Task material Start Marker
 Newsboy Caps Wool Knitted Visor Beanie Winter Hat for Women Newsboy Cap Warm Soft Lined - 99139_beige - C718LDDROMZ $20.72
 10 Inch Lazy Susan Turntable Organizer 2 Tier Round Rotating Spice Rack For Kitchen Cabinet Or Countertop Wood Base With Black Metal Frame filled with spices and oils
Task material End Marker
Task material Start Marker
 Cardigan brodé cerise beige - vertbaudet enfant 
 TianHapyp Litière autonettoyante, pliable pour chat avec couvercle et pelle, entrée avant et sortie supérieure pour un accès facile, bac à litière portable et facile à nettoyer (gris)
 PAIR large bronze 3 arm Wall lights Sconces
Task material End Marker
Task material Start Marker
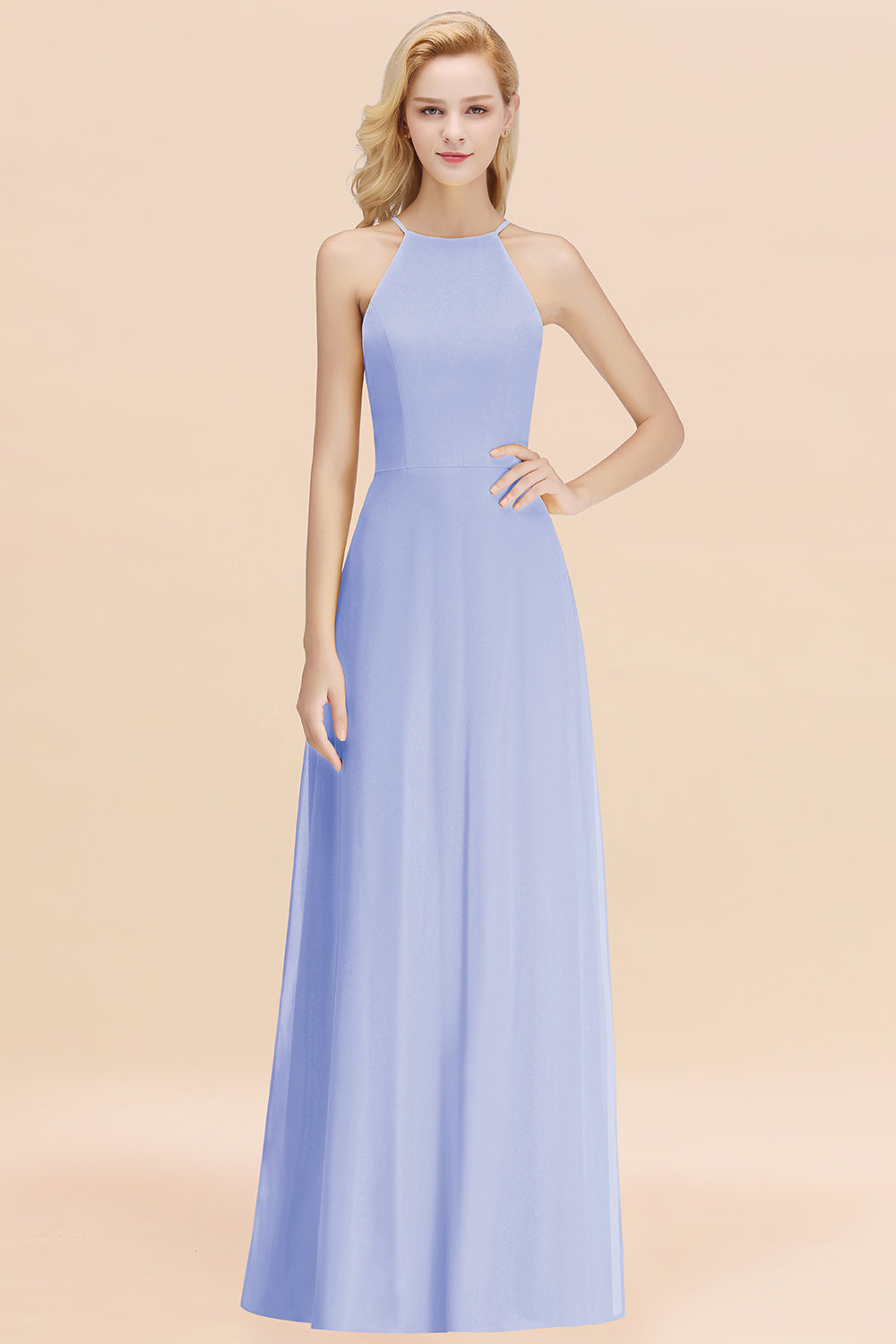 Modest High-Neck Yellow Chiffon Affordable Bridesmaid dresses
Task material End Marker
Aim of the task
Please give back, exactly as it stands above, the stretch from the line with "Cardigan brodé cerise" through the line with "PAIR large bronze 3 arm Wall lights Sconces", and no line outside it.

Written solution
 Cardigan brodé cerise beige - vertbaudet enfant 
 TianHapyp Litière autonettoyante, pliable pour chat avec couvercle et pelle, entrée avant et sortie supérieure pour un accès facile, bac à litière portable et facile à nettoyer (gris)
 PAIR large bronze 3 arm Wall lights Sconces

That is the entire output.